Pipeline

The pipeline module in DRLX is used for data preparation when training some RL model. It includes a base class Pipeline and two subclasses PromptPipeline, PickAPicPrompts and ImagenetAnimalPrompts.

Pipeline

class drlx.pipeline.Pipeline(prep_fn: Callable | None = None)

Bases: Dataset

Pipeline for data during RL training. Subclasses should define some dataset with getitem and len methods.

Parameters:

prep_fn (Callable) – Function that will be called on iterable of data elements from the pipeline. Not always required, and by default is simply an identity function.

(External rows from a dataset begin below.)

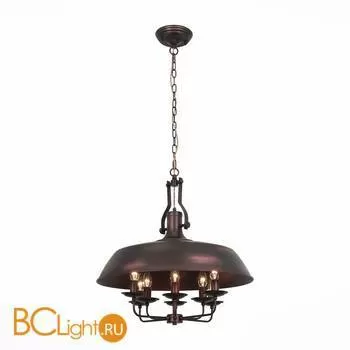 Люстра ST Luce Rarita SL269.403.08 - Фото 0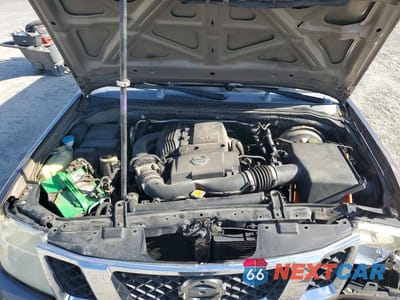 Zdjęcie 12 z 14 samochodu: 2008 NISSAN PATHFINDER S VIN:5N1AR18B28C604984 - miniatura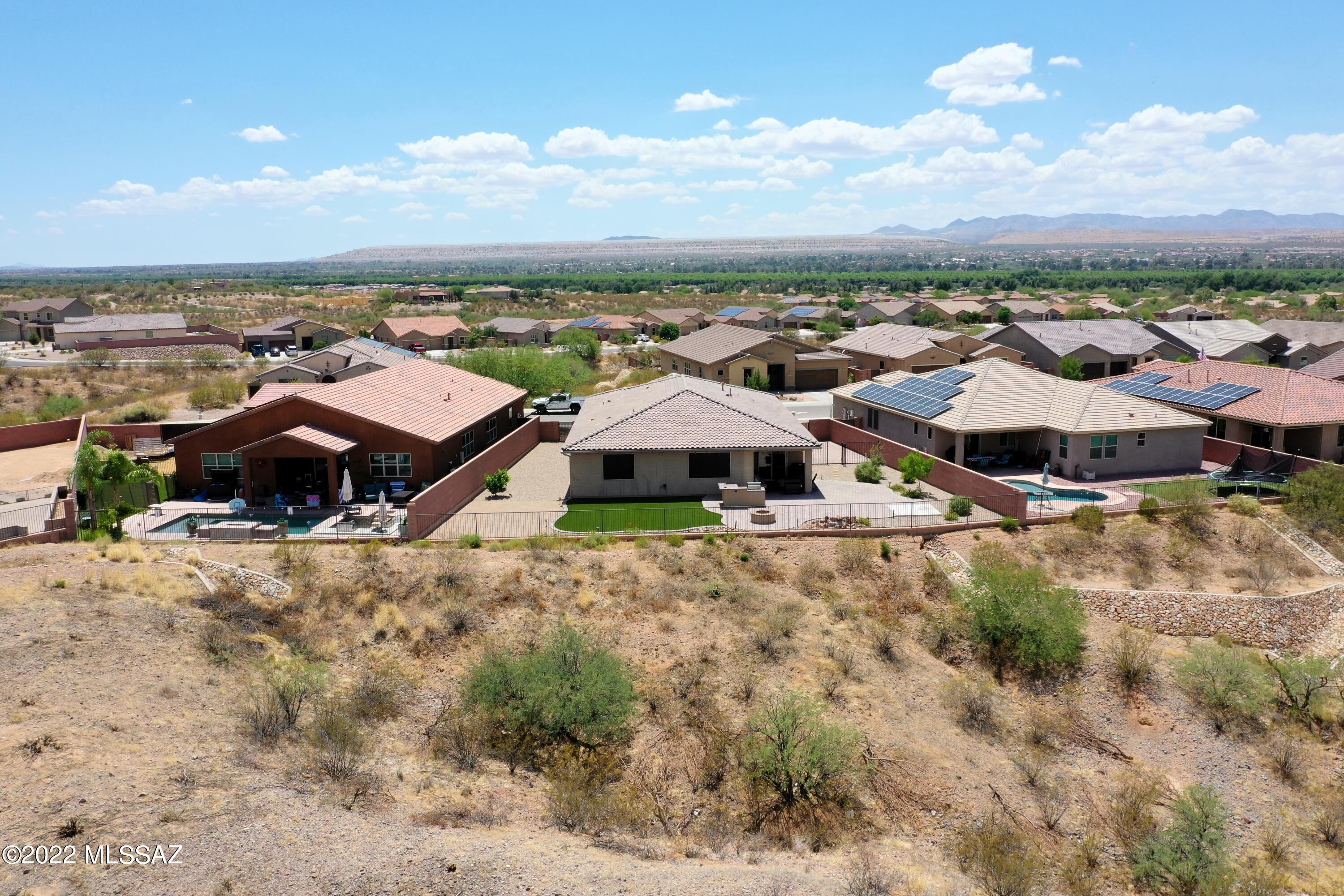 Madera Highlands Villages 1-10 & 15 - Residential
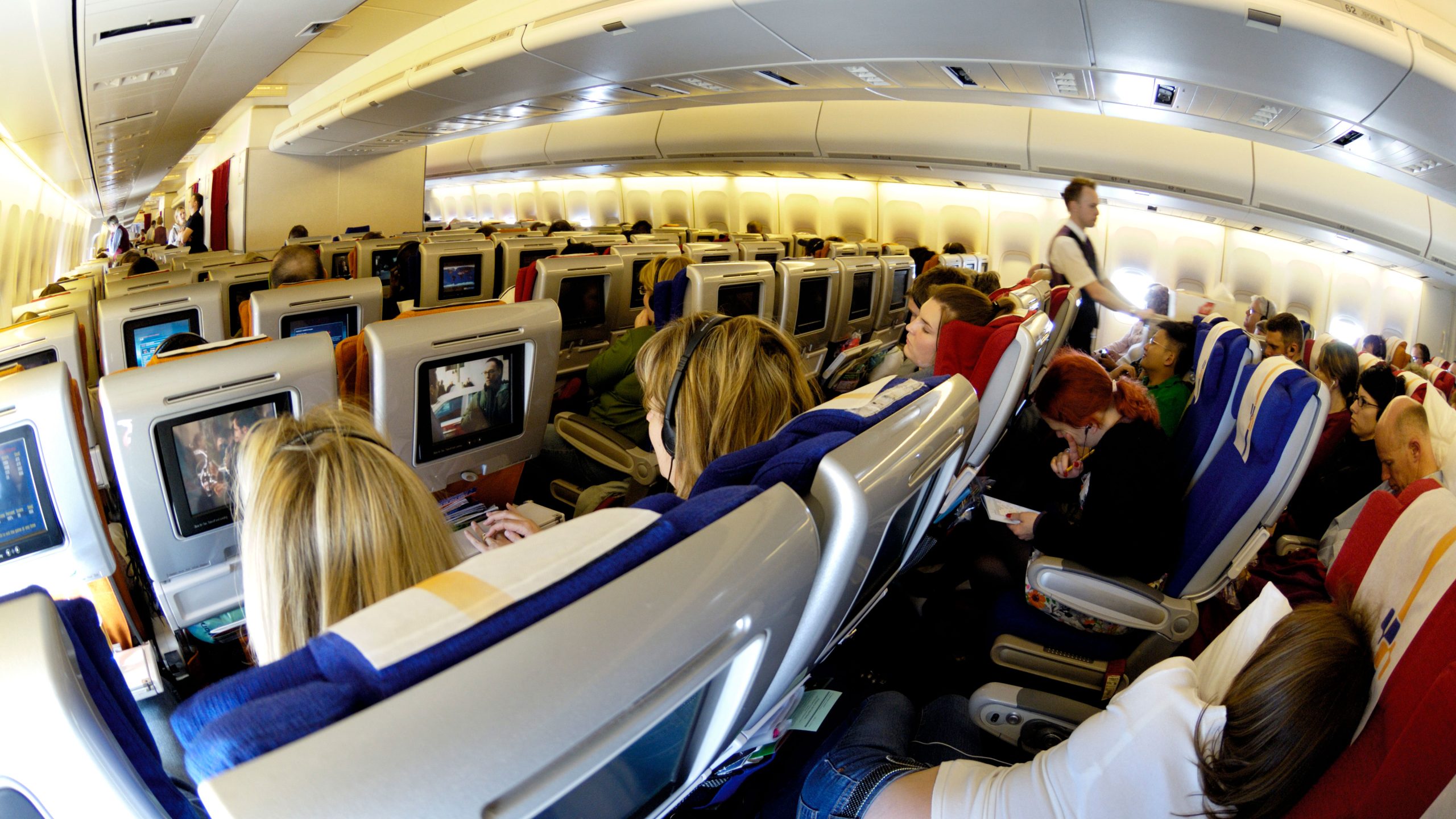 Innocent mistake on long flight could have devastating consequences for travelers — KTVU FOX 2 Bay Area, Menlo Park Community news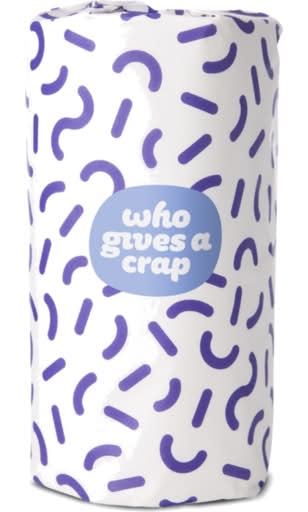 Who Gives A Crap Paper Towels (120 pack)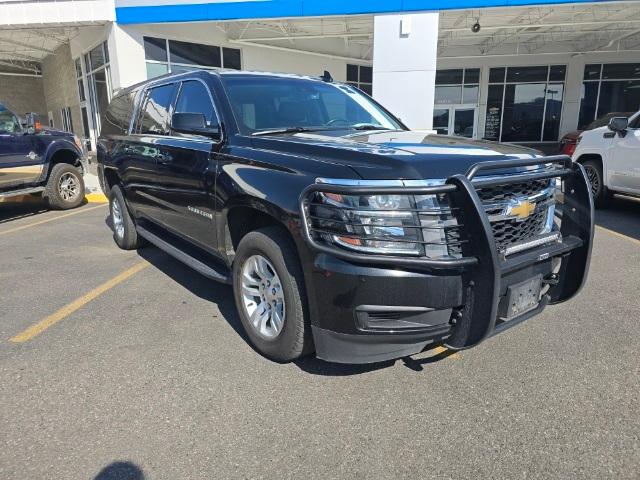 2019 Chevrolet Suburban Vehicle Photo in POST FALLS, ID 83854-5365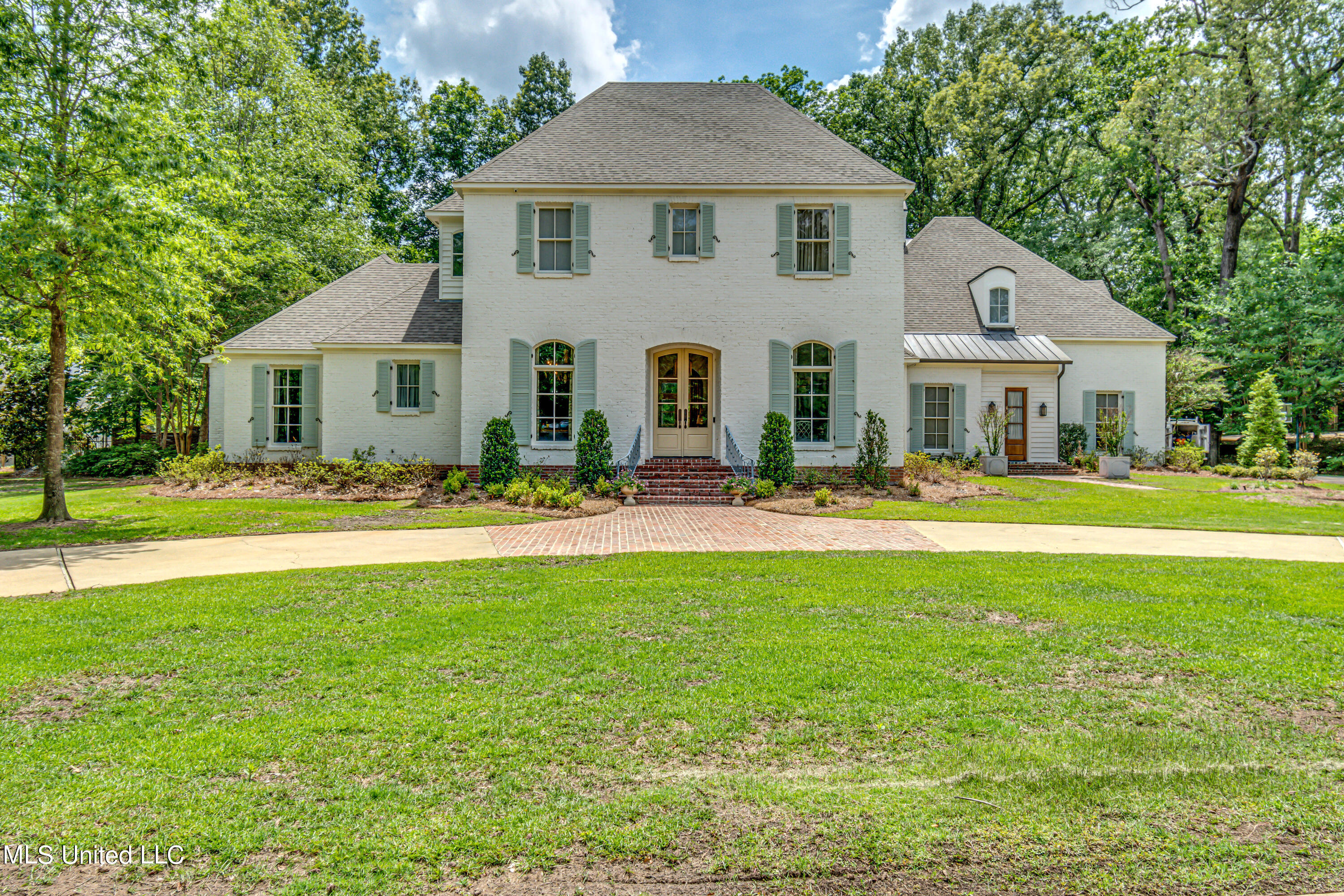101 Overbrook Hill Ridgeland, MS 39157 - Photo 1 of 38 101 Overbrook Hill-60
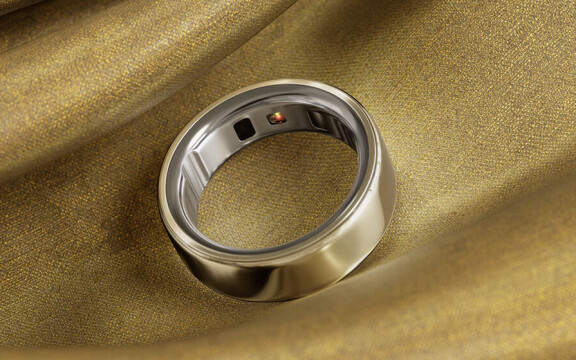 Oura har lanserat sin fjärde smarta ring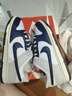耐克 （NIKE）2025年男子NIKE DUNK LOW RETRO運(yùn)動(dòng)休閑鞋 IM2222-101 44 曬單實(shí)拍圖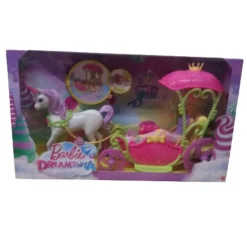 Discount Mattel Barbie Dreamtopia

create_loader(**kwargs) DataLoader

Create dataloader over self. Assumes __getitem__ and __len__ are implemented.

Parameters:

kwargs – Keyword arguments for the created pytorch dataloader

Returns:

Dataloader for dataset within pipeline

Return type:

DataLoader

create_train_loader(**kwargs) DataLoader

Create loader for training data. Default behaviour is to just call create_loader (i.e. assumes there is no split)

abstract create_val_loader(**kwargs) DataLoader

Create validation loader.

classmethod make_default_collate(prep: Callable)

Creates a default collate function for the dataloader that assumes dataset elements are tuples of images and strings.

PromptPipeline

class drlx.pipeline.PromptPipeline(prep_fn: Callable | None = None)

Bases: Pipeline

Base class for a pipeline that provides text prompts only.

classmethod make_default_collate(prep: Callable)

Default collate for a prompt pipeline which assumes the dataset elements are simply strings.

PickAPicPrompts

ImagenetAnimalPrompts

class drlx.pipeline.imagenet_animal_prompts.ImagenetAnimalPrompts(prefix='A picture of a ', postfix=', 4k unreal engine', num=10000, *args, **kwargs)

Bases: PromptPipeline

Pipeline of prompts consisting of animals from ImageNet, as used in the original DDPO paper.